What lawmakers can learn from the DC Metro system's fare schedule

While opaque fares may generate more revenue, the transit system may lose the benefit of congestion pricing if riders don't know how much they are paying.

A father and his son hold onto a pole as they ride the Washington Metro in Washington, DC in this September 2007 file photo. The Metro relies on a system of congestion pricing, charging people more during rush hour peaks.

Andy Nelson/ The Christian Science Monitor/File

June 15, 2010

I use the Washington subway—the Metro—to commute from my home in the D.C. suburbs to my downtown office. The system has just approved a $109 million fare increase. But, in a tour de force of obfuscation, it has designed the hike so that few riders will have any idea what a given trip will cost.

This is, in part, a result of Metro’s effort to tie fares to demand. Thus, folks who ride at rush hour or use the busiest stations will pay more than those who do not. Economists love this idea.

But Metro has taken to slicing its pricing system like the local deli guy carves corned beef. There are regular fares (Metro calls them “reduced”), rush hour fares (Metro calls them “regular”), peak of the peak fares, surcharges for traveling through certain stations, and fare differentials for those who pay with cash and those who use those plastic SmarTrip cards. Best I can tell, this means I could pay as little as $2.15 or as much as $4.20 for my ride to work.

Someone who makes my commute each day could face an annual fare increase of more than $1,000. But because most of us pay with those plastic cards, which we refill regularly with a credit card, Metro is betting we won’t fully recognize this painfully steep hike.

Unlike demand pricing, economists don’t like this at all. In general, it is better that we know what we pay for something. This consumer awareness of price (salience in econo-speak) helps us buy smarter. But if we don’t know the real cost of something, we are likely to overpay. See, for example, health care.

A couple of years ago, MIT economist Amy Finkelstein looked at those highway E-Z passes, where drivers have their tolls deducted from a pre-paid card as they roll through toll booths. Amy’s conclusion: the levies are 20 percent to 40 percent higher than they'd be if people were still throwing quarters into baskets. Sweet, if you are the highway authority. Not so so much if you are a driver who worries more about cost than time.

It has been obvious to us regular riders that Metro is desperately short of money. While it was built with federal tax dollars (thank you all for that, btw) Metro relies heavily on fares to meet its operating budget. Remarkably, Metro has no other dedicated funding source so it must go, tin cup in hand, to local jurisdictions for help paying its bills. The entirely unsurprising result: Metro is falling apart.

In town meetings, riders overwhelmingly preferred fare hikes to service cuts.

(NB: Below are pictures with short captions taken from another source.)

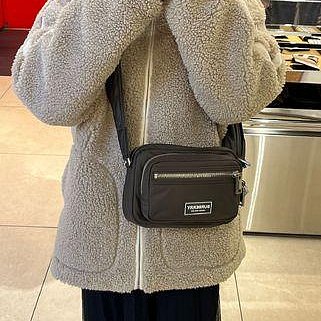 💎Han's house精品服飾💎Burberry LOGO 尼龍 側背 包 80905691-2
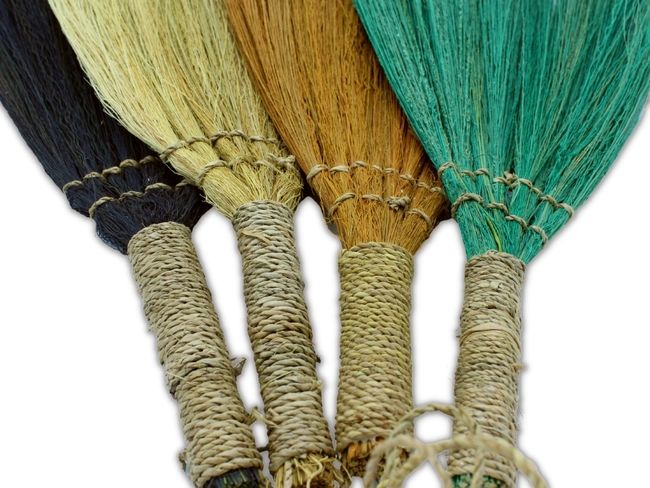 Set 4 - Pampus Fan Broom - Mixed colours & size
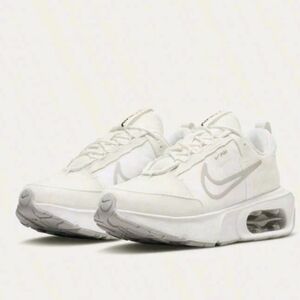 NIKE Air Max women's casual sneakers, off-white, size 9.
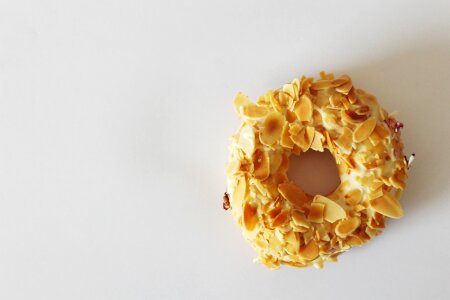 Bread almonds peanut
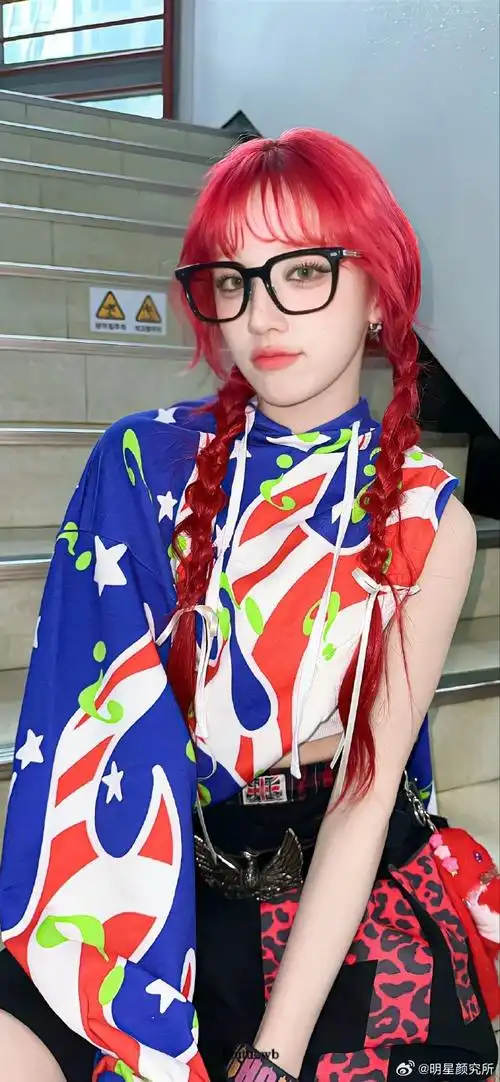 宋雨琦#宋雨琦红发壁纸92957815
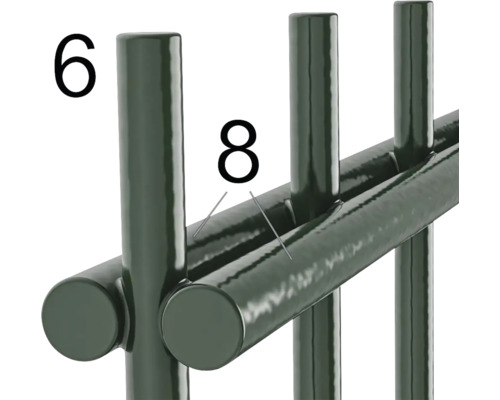 Vue détaillée d''une clôture métallique mettant l''accent sur les points de connexion.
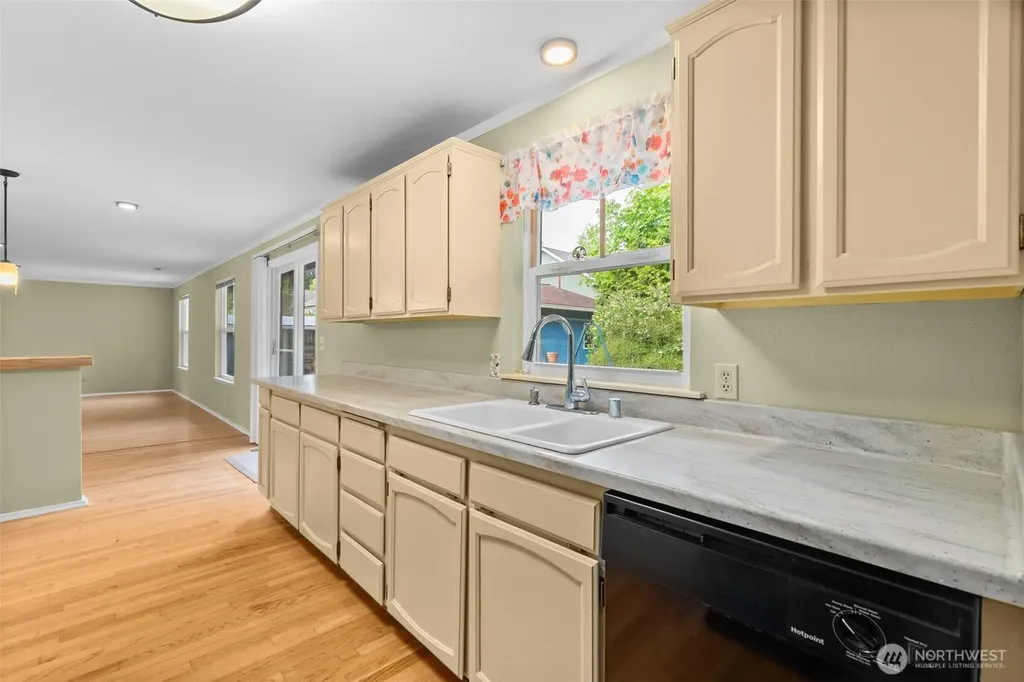 3409 Van Epps Street SE Olympia WA 98501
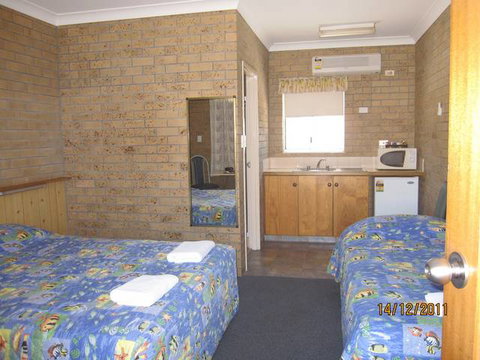 Dragon Phoenix Resort & Restaurant - Coogee Beach Accommodation 2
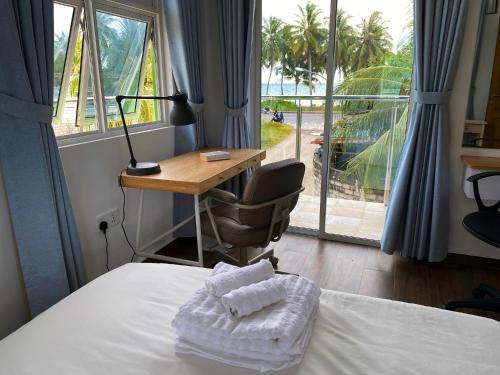 Postel nebo postele na pokoji v ubytování Calm Beach Inn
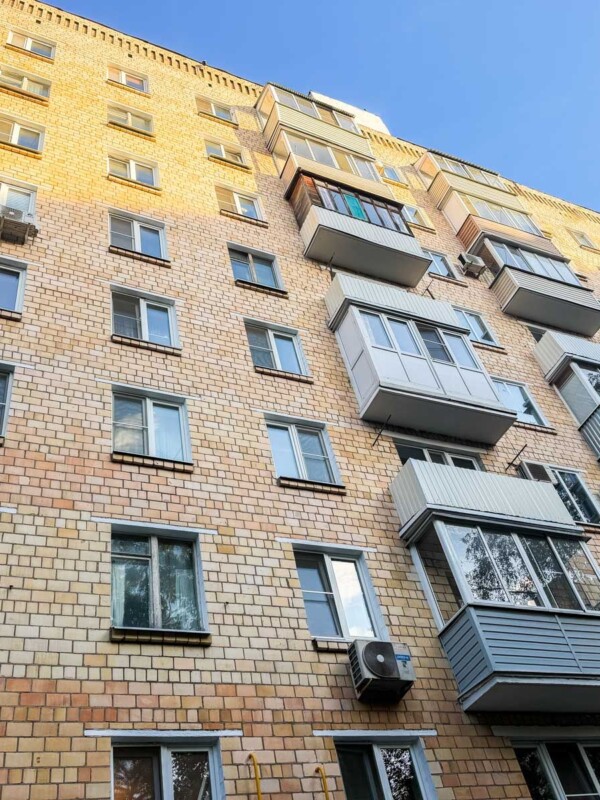 В Москве завершается капремонт трех домов с декоративными фризами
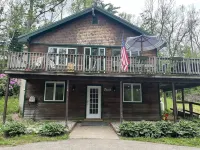 Rustic ski chalet in the heart of North Conway off West Side Road - 2-Star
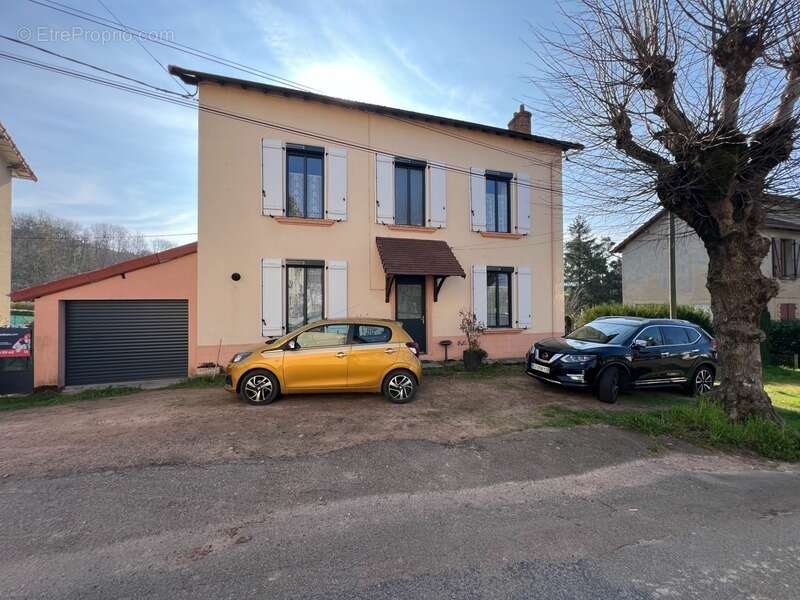 Maison à CHAUFFAILLES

And making people pay more when trains are most crowded probably makes sense. It may encourage some commuters to adjust hours, thus reducing pressure on Metro to buy more equipment and hire more staff to meet peak demand. But while opaque fares may generate more revenue, the transit system may lose the benefit of congestion pricing if riders don't know how much they are paying.

Tax policymakers would do well to keep this all in mind, especially as they think about levies such as a Value Added Tax. In the meantime, I suppose somebody will write a smart phone app to help me figure out my Metro fare.